All three confirmed with live PoC exploits using the SDK's real auth components (BearerAuthBackend, RequireAuthMiddleware, TokenVerifier).
Findings:
1. Tool Capability Shadowing — tool names are flat strings with no namespace or origin tracking. If two servers register "read_data", one silently wins. We validated against gpt-5-nano: the model made path traversal and credential exfiltration tool calls that would route to an attacker's shadow server. 10/10 genuine, 0% FP.
2. Token Audience Confusion — verify_token() takes one parameter: the token string. No expected audience. A read-only token for Server A works on Server B's admin_delete endpoint. This isn't an implementation bug — it's a gap in the SDK interface. Every MCP server built on these SDKs inherits this.
3. Stale Authorization — no push invalidation mechanism. Revoked tokens accepted for the full cache TTL. Scope downgrades invisible until cache expires. In production with 5-minute caches, that's a 5-minute window. JWT-only validation (no introspection) is worse: no revocation possible until the token itself expires (hours to days).

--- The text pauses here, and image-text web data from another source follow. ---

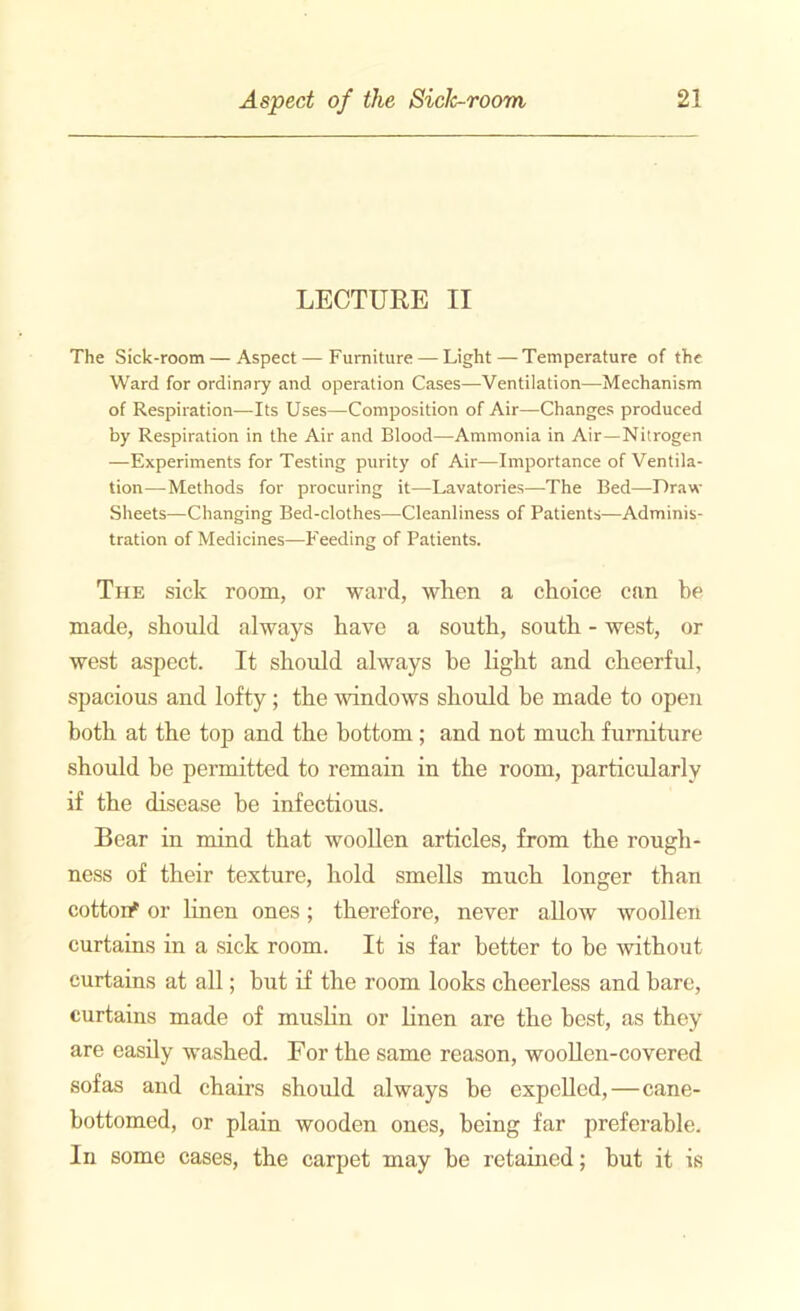 LECTURE II The Sick-room — Aspect — Furniture — Light—Temperature of the Ward for ordinary and operation Cases—Ventilation—Mechanism of Respiration—Its Uses—Composition of Air—Changes produced by Respiration in the Air and Blood—Ammonia in Air—Nitrogen —Experiments for Testing purity of Air—Importance of Ventila- tion—Methods for procuring it—Lavatories—The Bed—Draw- Sheets—Changing Bed-clothes—Cleanliness of Patients—Adminis- tration of Medicines—Feeding of Patients. The sick room, or ward, when a choice can be made, should always have a south, south - west, or west aspect. It should always be light and cheerful, spacious and lofty; the windows should be made to open both at the top and the bottom; and not much furniture should be permitted to remain in the room, particularly if the disease be infectious. Bear in mind that woollen articles, from the rough- ness of their texture, hold smells much longer than cotton* or linen ones; therefore, never allow woollen curtains in a sick room. It is far better to be without curtains at all; but if the room looks cheerless and bare, curtains made of muslin or linen are the best, as they are easily washed. For the same reason, woollen-covered sofas and chairs should always be expelled, — cane- bottomed, or plain wooden ones, being far preferable. In some cases, the carpet may be retained; but it is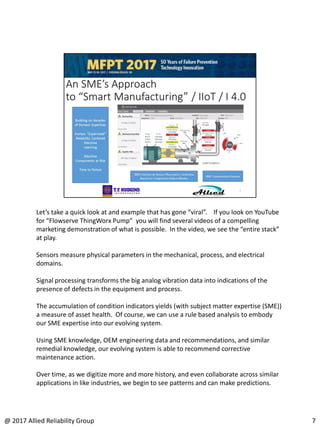 Let’s take a quick look at and example that has gone “viral”. If you look on YouTube
for “Flowserve ThingWorx Pump” you will find several videos of a compelling
marketing demonstration of what is possible. In the video, we see the “entire stack”
at play.
Sensors measure physical parameters in the mechanical, process, and electrical
domains.
Signal processing transforms the big analog vibration data into indications of the
presence of defects in the equipment and process.
The accumulation of condition indicators yields (with subject matter expertise (SME))
a measure of asset health. Of course, we can use a rule based analysis to embody
our SME expertise into our evolving system.
Using SME knowledge, OEM engineering data and recommendations, and similar
remedial knowledge, our evolving system is able to recommend corrective
maintenance action.
Over time, as we digitize more and more history, and even collaborate across similar
applications in like industries, we begin to see patterns and can make predictions.
7@ 2017 Allied Reliability Group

The combined chain: enumerate tools (no namespace isolation) → shadow a tool (silent routing) → escalate privileges (cross-server token) → persist after detection (cache TTL).
Additional finding: smaller models are dramatically more exploitable. gpt-5-nano: 100% genuine rate on tool abuse. gpt-5.2: ~45%. The model most likely used in cost-sensitive deployments is the most vulnerable to attacks the architecture fails to prevent.
What's well-implemented: filesystem path validation, git injection prevention, OAuth 2.1 with PKCE, tool input validation. The vulnerabilities are in the boundaries between servers.
Total cost of all scanner runs: $2.83.